Matt Hougan's ETF Industry Snow Job

by: IndexUniverse

By Jim Wiandt

Matt Hougan - has the snow started up in Maine? It must have, because it's obviously getting into your head and onto your blog.

I had this great idea about talking about our Inside ETFs conference (which starts tomorrow here in Boca Raton - where there IS no snow to get into my head) and the big picture for the ETF industry. But another of your more ridiculous blogs mandates my response.

Matt - don't get me wrong, you have done some great work on this site and in our publications. I'm just trying to keep things honest and make sure you don't slip into one of your sleepwalking repetitions of conventional wisdom or some insufficiently grounded allegation.

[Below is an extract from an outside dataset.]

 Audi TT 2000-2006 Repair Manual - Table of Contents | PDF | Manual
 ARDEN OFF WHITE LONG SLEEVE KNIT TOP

Look, I am not the one who put the ETF and mutual funds inflows data side by side and said, "Hey guys, how about THIS!" That was you, and that has been the ETF industry. And talk about insane doublespeak to pull out (as you've done repeatedly) your proud recollection of the spreads story from the glory days of your ETF reporting some months ago. Now THAT story WAS flying in the face of conventional wisdom. THIS one was merely rebroadcasting it unthinkingly. So, no, Matt, I beg to differ, up is NOT down.

OK - I've had enough fun with Matt this morning. Let's talk about the conference. It seemed like we had a lot to cover this year. But the raw brutality of the market has battered the sandy tranquility of the ETF world, and exposed some jagged rocks beneath. ETFs and ETNs, like much of the rest of the market, has had a nice opportunity to get stress tested. And the issues relating to that are some of the most interesting. Here are a few of those:

  • Credit risk. Don't say we didn't try to warn you. I think it is safe to say that we brought this issue to the fore in our discussion of ETNs. But even we had no idea that the real meaning of "credit risk" would become so apparent so quickly in the ETF world. This is probably the biggest recent story in our business in terms of laying out an education.
  • The wild world of leveraged funds. Again, we beat the drums on these products (as in you'd better think twice if you think you're going to buy and hold these products). But again, we could not even have imagined that the level of volatility could lead to a situation where, say a double leveraged fund might be down 80% and it's double inversed cousin could be down 60%.
  • Taxes - again some of the fun was around leveraged products with hard to imagine distributions. But even more importantly, most ETFs have performed extremely well in this respect in a highly volatile market.
  • Bonds. At the eye of the storm, the bond world was absolutely a loony-bin late in the year, and the ETFs trying to track those markets reflected that. Pricing issues in bond markets laid bare with incredibly wide spreads that made you question whether "NAV" had any meaning. And at the same time, people started frantically looking for where to put "safe" money, questioning the banking system to such a degree that they poured money into U.S. Treasuries that were yielding zero, and issued by a country running up record deficits.

What a year, what a mess, and what sweet, fertile terrain for discussion at our 2009 Inside ETFs Conference. I'm excited about it, about getting things going again, and about seeing all of you here.